Collaboration Lab: Engaging in Challenging Conversations
No matter what role you play in your collaborative group, there are times when you must make choices about engaging in a challenging conversation. These conversations are risky. You may not be sure how you and the other people at the table feel about each other. You may feel unsure about how the conversation may impact the group’s ability to function. And too often, the choice is to avoid the conversation and try to move forward as if nothing is wrong.
How has that worked out so far?
Successful implementation of a system of care requires a diverse group of individuals to engage in challenging conversations. The ability to identify and engage authentically and productively in challenging conversations is a critical skill for those leading and participating in collaborative work. This interactive two-day seminar will introduce a framework for understanding the dynamics of difficult conversations along with strategies for improving personal and organizational effectiveness. Participants will increase their self-awareness and confidence in conflict situations. They will learn about the ingredients of conflict, mastering emotions and behavior, and staying curious about what motivates others as they practice the skills needed for approaching their own difficult conversations.

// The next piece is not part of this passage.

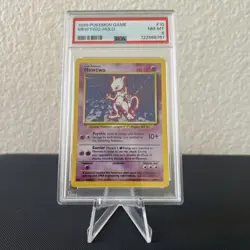 1999 POKEMON BASE SET UNLIMITED #10 MEWTWO-HOLO PSA 8 - Image 1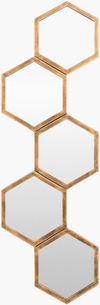 Honeycomb Accent Mirror, by Surya, 35" width x 11" height thumbnail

Participants will learn to:
- Identify the elements of difficult conversations and how they impact their relationships
- Recognize their role and responsibility in conflict situations
- Understand conversational styles and how to navigate stressful situations
- Learn a framework for approaching difficult conversations
- Practice skills needed for engaging in difficult conversations
In order to make lasting changes in a person’s ability to engage effectively in challenging conversations, there are three levels of learning: 1) increasing knowledge (knowing), 2) learning new skills (doing), and 3) adopting new values around collaboration and the conversations required (being). Through presentations, dialogue, exercises, and case studies, participants can expect to assess where they are on the knowing-doing-being continuum, raise their awareness of strategies and skills, and set goals to increase their effectiveness in challenging conversations.